The Fall - Sing! Harpy (9 February 1992)

Mr Ray’s Wig World - Elvis Begins With an E (16 February 1992)

Aphex Twin - Digeridoo (22 February 1992)

Material with Shabba Ranks - Reality (23 February 1992)

Spitfire - Wild Sunshine (29 February 1992)

The Soka Band - Linga Linga (1 March 1992)

Daisy Chainsaw - Pink Flower (7 March 1992)

Moonshake - Secondhand Clothes (8 March 1992)

A House - Endless Art (Female Version) [Peel Session] (13 March 1992)

Big Black - Il Duce (14 March 1992)

The Werefrogs - Forest of Doves (15 March 1992)

The Misunderstood - I Can Take You To the Sun (20 March 1992)

Scarface - A Minute to Pray and a Second to Die (21 March 1992)

Swell - Down (28 March 1992)

Kalaeidoscope - I’m Gonna Get You [Remix] (3 April 1992)

Po! - Look For the Holes (4 April 1992)

PJ Harvey - Victory (6 April 1992)

Marina Van-Rooy - Complete Peel Session (10 April 1992)

So, four years, eh?

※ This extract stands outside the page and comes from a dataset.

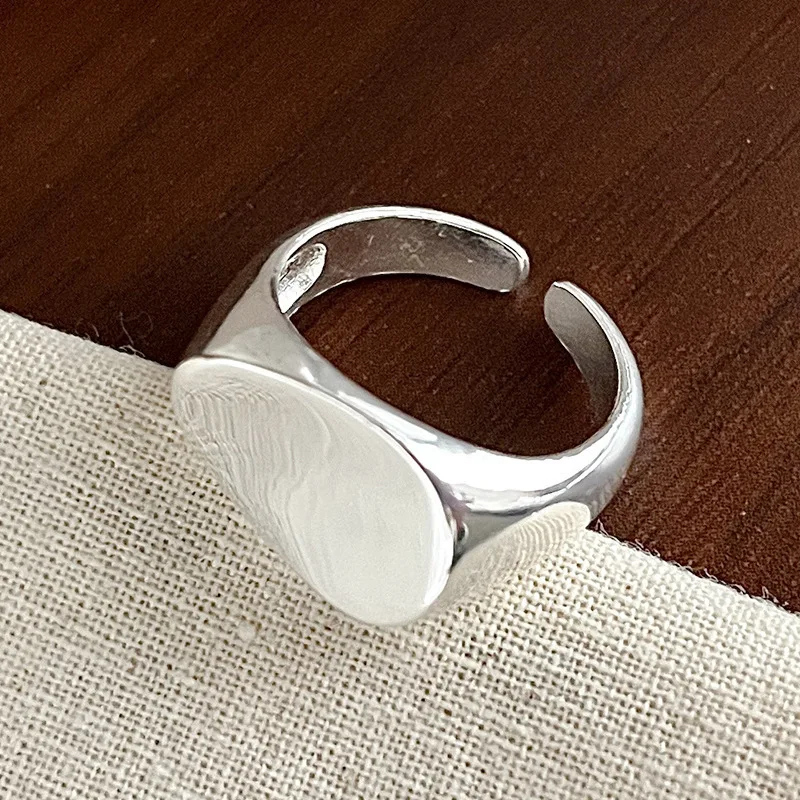 

Кольцо PANJBJ из серебра 925 пробы овальное простое модное регулируемое ювелирное изделие в стиле панк подарок на день рождения Прямая поставка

Where did they all go?  The next couple of years on this blog will see Peel soundtracking not one, but two Shakespeare plays and that will still only take us to the end of 1992!  But then, who’s in a hurry with a musical guide like John Peel to take me through the plays of yesteryear.

It’s been a fascinating journey so far in which I’ve learnt a lot and heard music ranging from the sublime to the ridiculous, just as Peel set out to showcase.  My thanks to everyone who commented on posts, supplied videos and most of all to those who make Peel shows available for people like me to trace  such a niche “I wonder...” in this way.  There is so much still to hear and share, so let’s keep going.

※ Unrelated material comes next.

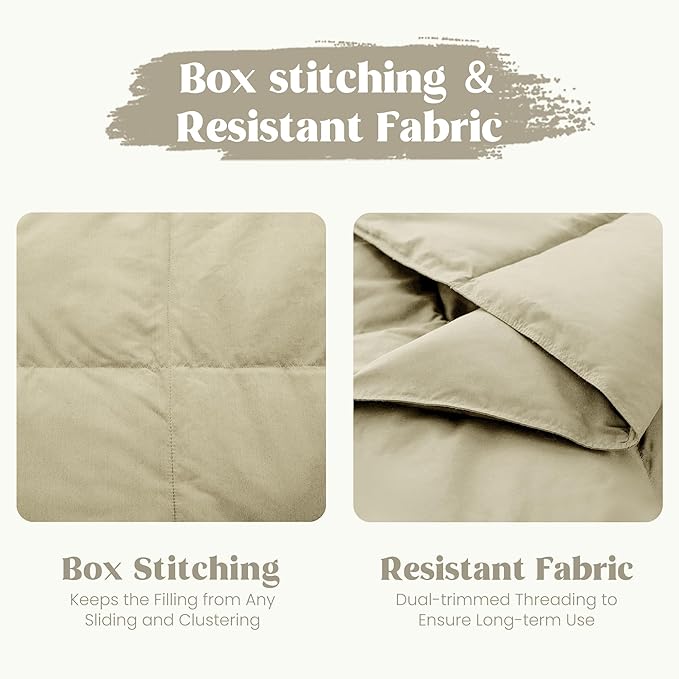 puredown® Soft Feather Down Throw Blanket Lightweight Packable Couch Throw for Indoor and Outdoor Use, 50"X70", Beige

Dedicated to all those acted in or helped put together Oliver! at Falmouth Community School performed from 7-10 April 1992.

Wednesday, 25 July 2018

Reflections on Lionel Bart’s Oliver!

NOTE - This post will contain spoilers about both Oliver! and its source novel, Oliver Twist.
All lyrics quoted in this post are copyright to Lionel Bart.

As the 1950s rolled into the 1960s, Lionel Bart was the hottest popular composer in the UK. Having either talent scouted or written for any of the big UK rock ‘n’ roll stars of the 1950s, Bart ended the decade by doubling up his success in a different medium - the theatre.  Having served as lyricist on the 18th Century set romp of Lock Up Your Daughters (1959) and the contemporary Cockney petty crime “play with music”, Fings Ain’t Wot They Used T’Be (1960), Bart was ready to take on all three roles of lyricist/composer/author and in transforming Charles Dickens’s second novel achieved the feat in the eyes of such luminaries as Sir Andrew Lloyd Webber of creating the contemporary British musical.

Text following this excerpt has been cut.